# Problem to solve
Nothing but the lines below from the one that contains "Maybe I can" through the one that contains "I'll declare var" should be retyped, exactly and including both ends. Do not include pictures.
Start of Listed records
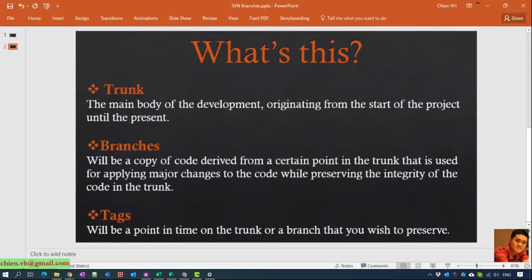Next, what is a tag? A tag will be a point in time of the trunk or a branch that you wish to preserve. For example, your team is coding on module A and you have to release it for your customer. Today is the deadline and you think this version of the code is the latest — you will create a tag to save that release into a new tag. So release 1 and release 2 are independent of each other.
End of Listed records
Start of Listed records
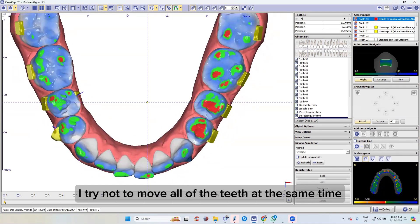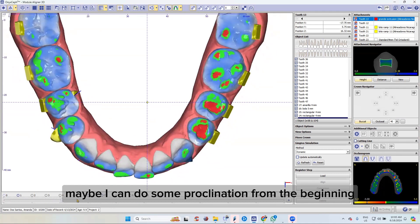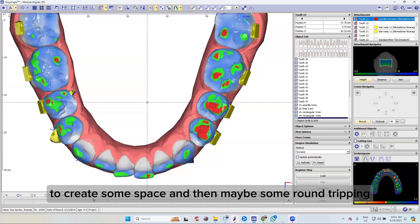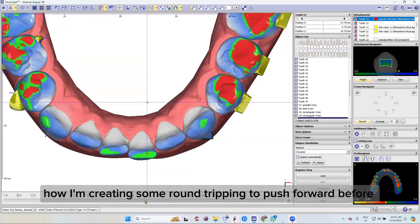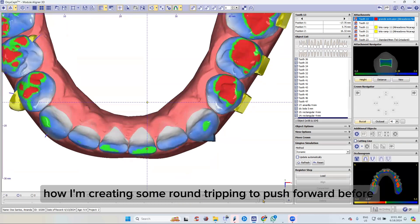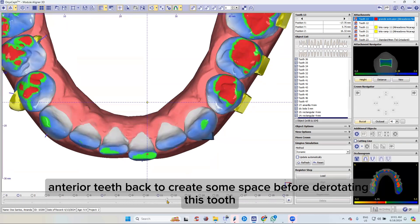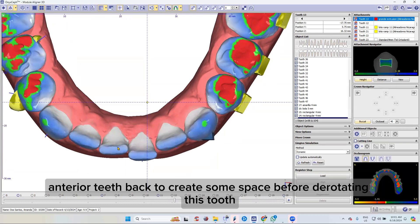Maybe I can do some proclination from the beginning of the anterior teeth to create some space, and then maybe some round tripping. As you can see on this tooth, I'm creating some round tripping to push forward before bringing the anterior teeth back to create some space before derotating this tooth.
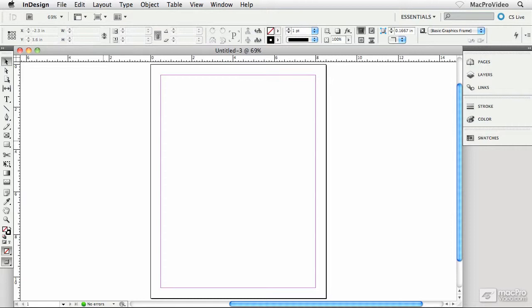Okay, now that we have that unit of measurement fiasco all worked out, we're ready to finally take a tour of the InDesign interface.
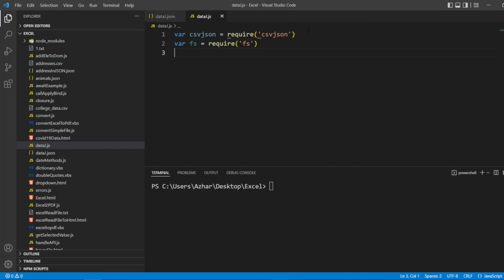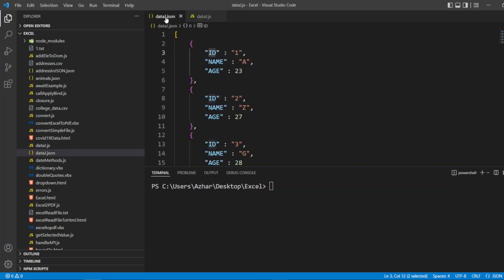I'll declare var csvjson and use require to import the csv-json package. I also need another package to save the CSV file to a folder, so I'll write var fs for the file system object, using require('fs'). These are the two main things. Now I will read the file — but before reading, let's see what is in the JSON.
End of Listed records
Start of Listed records
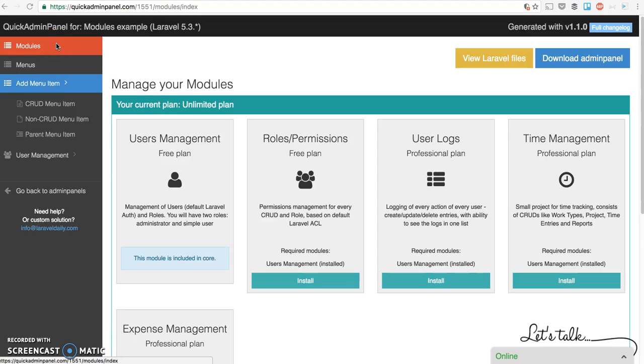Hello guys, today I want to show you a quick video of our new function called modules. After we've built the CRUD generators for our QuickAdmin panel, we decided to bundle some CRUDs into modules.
End of Listed records
# Solution for this task
Maybe I can do some proclination from the beginning of the anterior teeth to create some space, and then maybe some round tripping. As you can see on this tooth, I'm creating some round tripping to push forward before bringing the anterior teeth back to create some space before derotating this tooth.
Okay, now that we have that unit of measurement fiasco all worked out, we're ready to finally take a tour of the InDesign interface.
I'll declare var csvjson and use require to import the csv-json package. I also need another package to save the CSV file to a folder, so I'll write var fs for the file system object, using require('fs'). These are the two main things. Now I will read the file — but before reading, let's see what is in the JSON.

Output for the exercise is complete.